Annotating genes sequences with data from herbarium sheets and publications

Figure 1: A snapshot of a published table showing the GenBank accession numbers and localities for the 507 individuals representing 61 species of Cladocera and 19 of Copepoda used in this study. DOI:
Figure 2: The same table as in Figure 1 extracted by TreatmentBank. Full table available in HTML and JSON formats.

Linking molecular data to taxonomic names and their extensive taxonomic treatments represents a fundamental component in biodiversity assessment. Voucher specimens for sequenced data can be the key nodes to make these connections.
Project 15, Biohackathon 2021

Taxonomic treatments are research results related to a taxon published in a standard way as sections of a publication. Ideally, and in the context of reproducible science, all the data or identifiers to the data are available. For taxonomic publications “all the data” include material citations to the specimens used and genomic data generated as basis for the analysis. Thus a curated link is provided in a publication between a species, more precisely a taxonomic name providing the expert identification of a specimen, the specimen itself represented by its material citation, and one or more DNA sequences. Furthermore, the taxonomic name can be linked to the cited treatment, opening up further data about the species. The treatment includes other data such as traits that can be used to annotate gene sequences.

In an ideal world, the linking within the treatment can be used to either start from a specimen or a gene sequence to discover more information about it such as its geographical range, the source specimen, or its location in the phylogenetic tree.

This would require these relationships to be explicitly expressed in the publication, or at least available for machine-processing — how else could we process millions of printed pages? The natural candidates for expressing this relationship are either the material citation that includes the data about one specimen or tables that include all these data in one well organized location.

The reality however is that an increasing number of tables are produced listing the specimen and its gene accession numbers or the specimen code or geographic location information. This would be reasonable if tables were not hard to extract, especially if they span multiple pages, and then to provide the rows as material citations representing the links between specimen and genes.

The other reality is that many of these tables are published as supplementary material in the form of MS-Excel or MS-Word formatted documents, without identifiers and thus can not be automatically discovered, extracted and analyzed programmatically.
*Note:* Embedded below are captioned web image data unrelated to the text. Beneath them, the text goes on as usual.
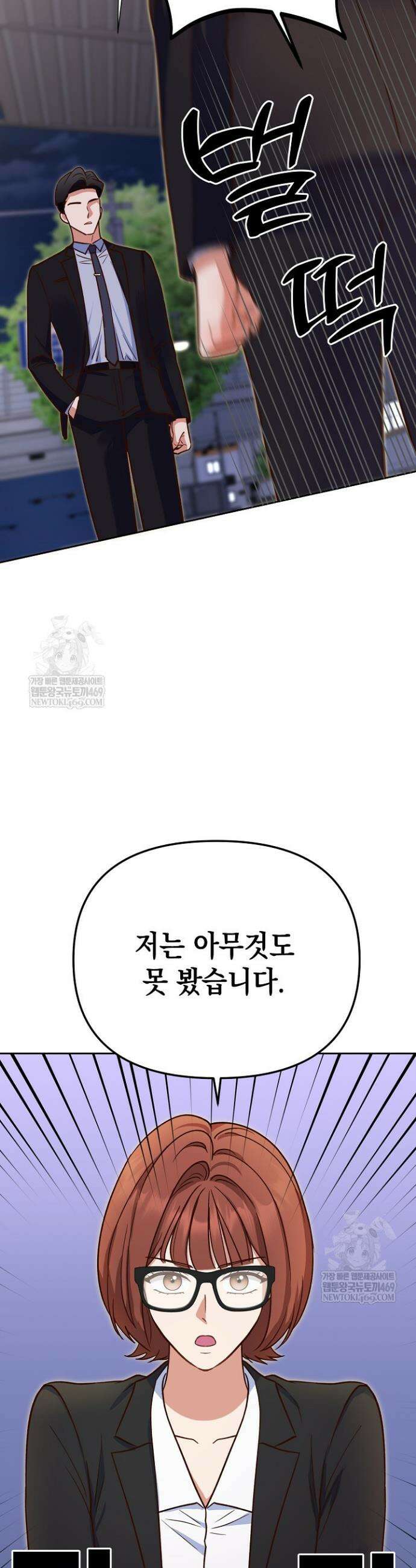 응급 맞선 10화 7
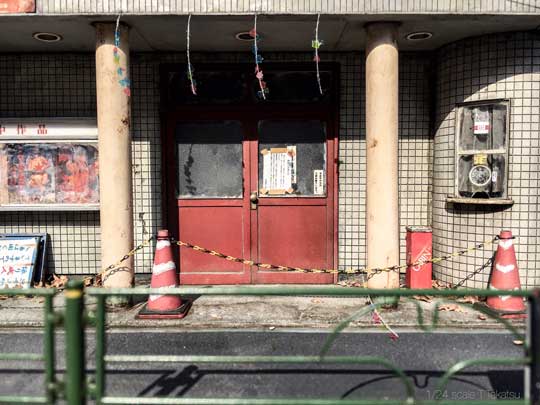 リアル ジオラマ 模型 劇場 90年代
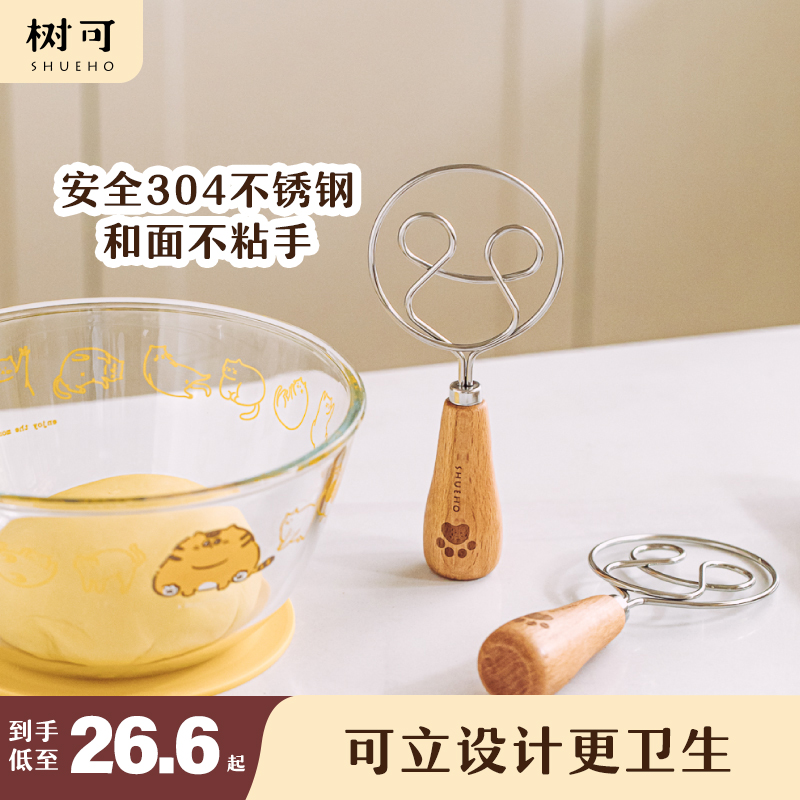 树可可小熊可立和面器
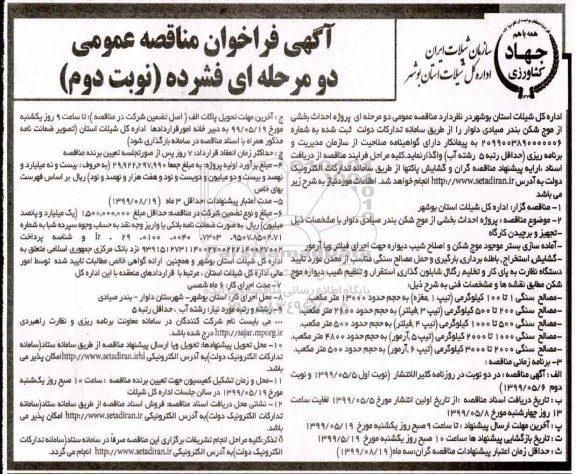مناقصه ، مناقصه پروژه احداث بخشی از موج شکن نوبت دوم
Of course, the publications that are behind paywalls do not even allow reuse of the data without institutional access or upfront payment

In this hackathon, we focused on the most promising source for specimens– and genes– related data to find and extract tables, and check them for quality. We analysed 14,000 tables already extracted by TreatmentBank to develop a quality control mechanism for determining the correctness of the extracted tables, and are now continuing to develop a more refined mechanism to represent the quality of extraction.

This work is based on TreatmentBank’s algorithm to extract tables, even tables that may span multiple pages, and deliver them in different formats such as JATS.

The results are very promising. We continue to work to make tables first-class digital citizens and extract the respective data as citable units, ultimately accessible in GBIF as material citations that express the relationship of genomic data with specimen and literature-based data. With this, we will be able to close the gap between specimens, genes and literature and provide an expert-curated link between them.